- [Directions] Set the pictures aside and write down, exactly as they appear, the lines from the one containing "Property at Vacant" through the end of the material.

○ ○ ○ ○ ○ ○ ○

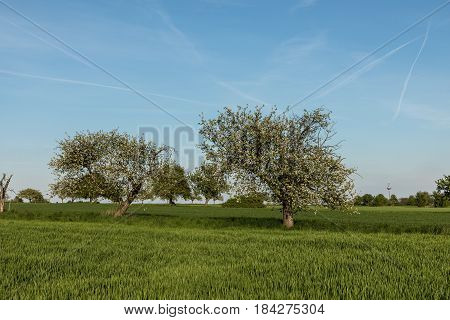 Blooming Apple Trees In Spring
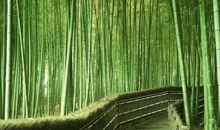 竹，最高境界的风骨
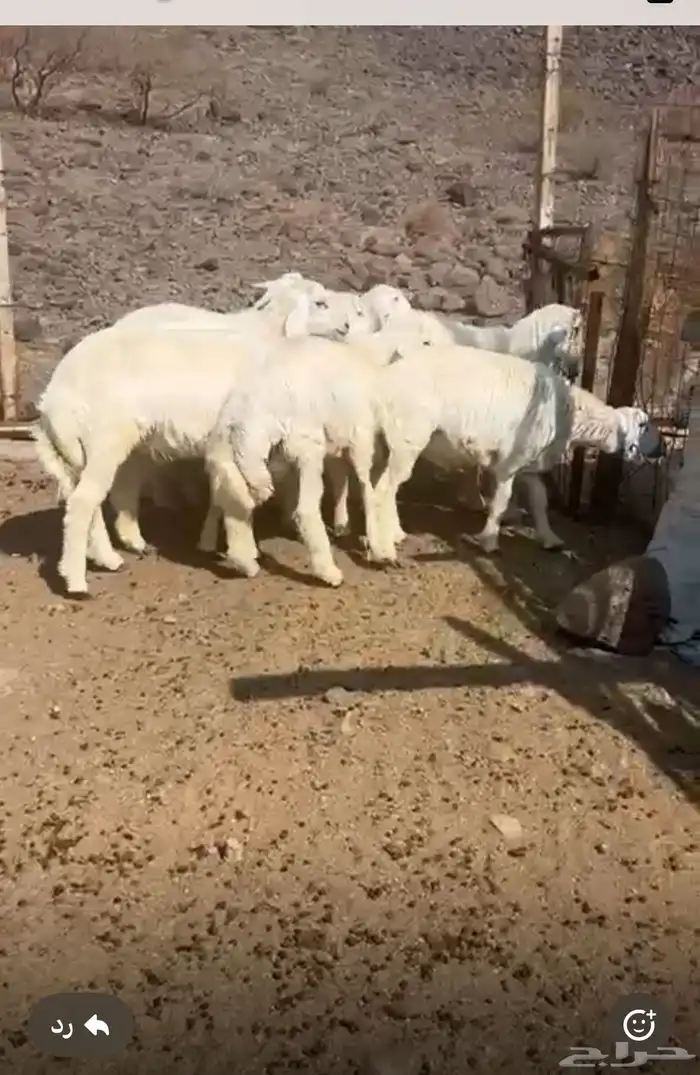 طليان للبيع 0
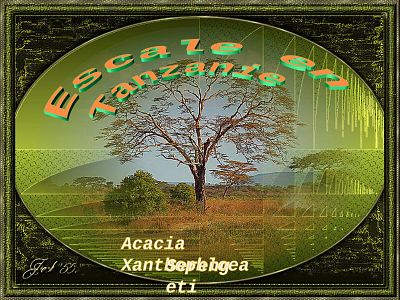 Escale en Tanzanie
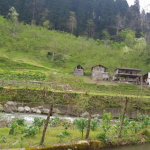 Neşe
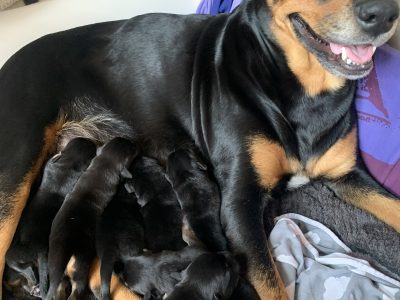 Rottweiler – Mundaring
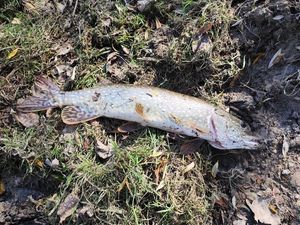 Northern Pike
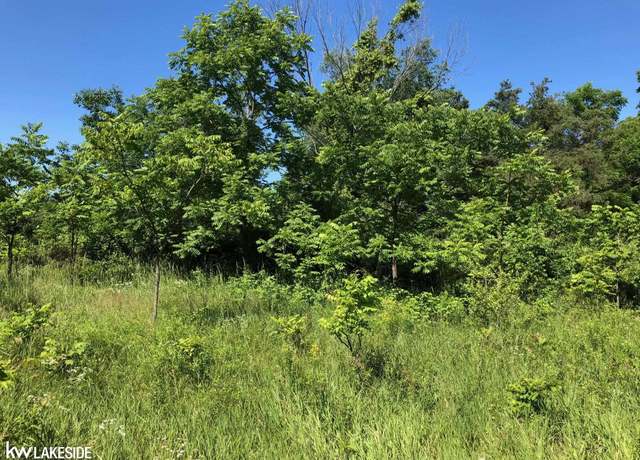 Property at Vacant 31 Mile Rd Rd, Washington, MI 48095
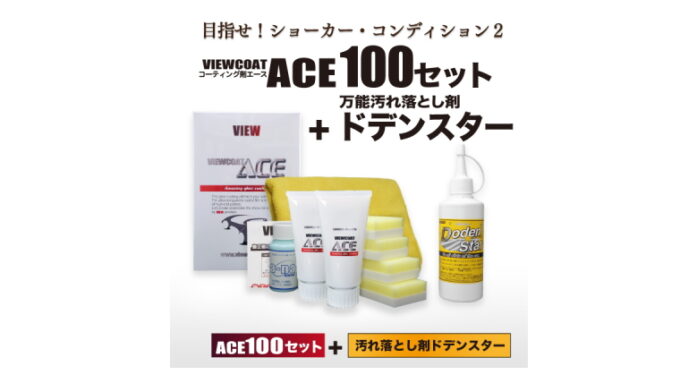 【ACE+DS】 「ACE　100セット+ドデンスター」セット　ガラス系コーティング剤　ビューコート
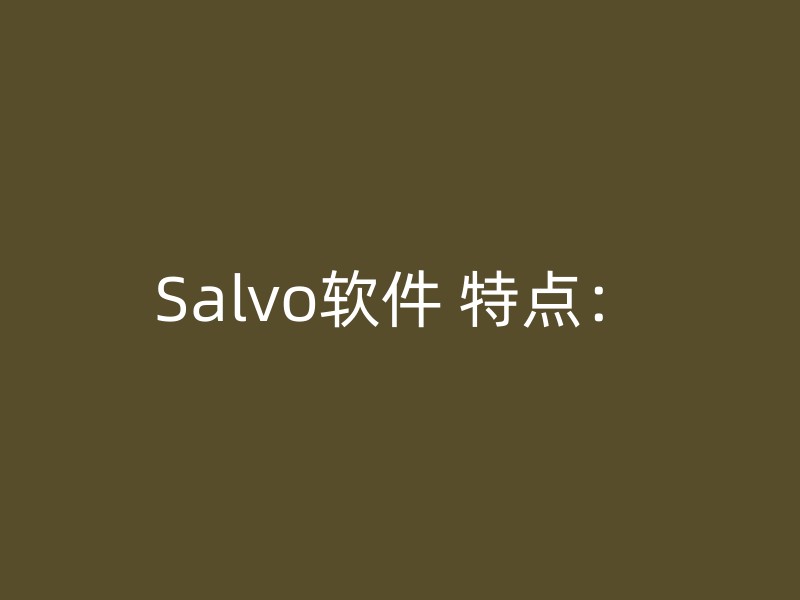 Salvo软件 特点：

○ ○ ○ ○ ○ ○ ○

- [Solution]
 Property at Vacant 31 Mile Rd Rd, Washington, MI 48095
 【ACE+DS】 「ACE　100セット+ドデンスター」セット　ガラス系コーティング剤　ビューコート
 Salvo软件 特点：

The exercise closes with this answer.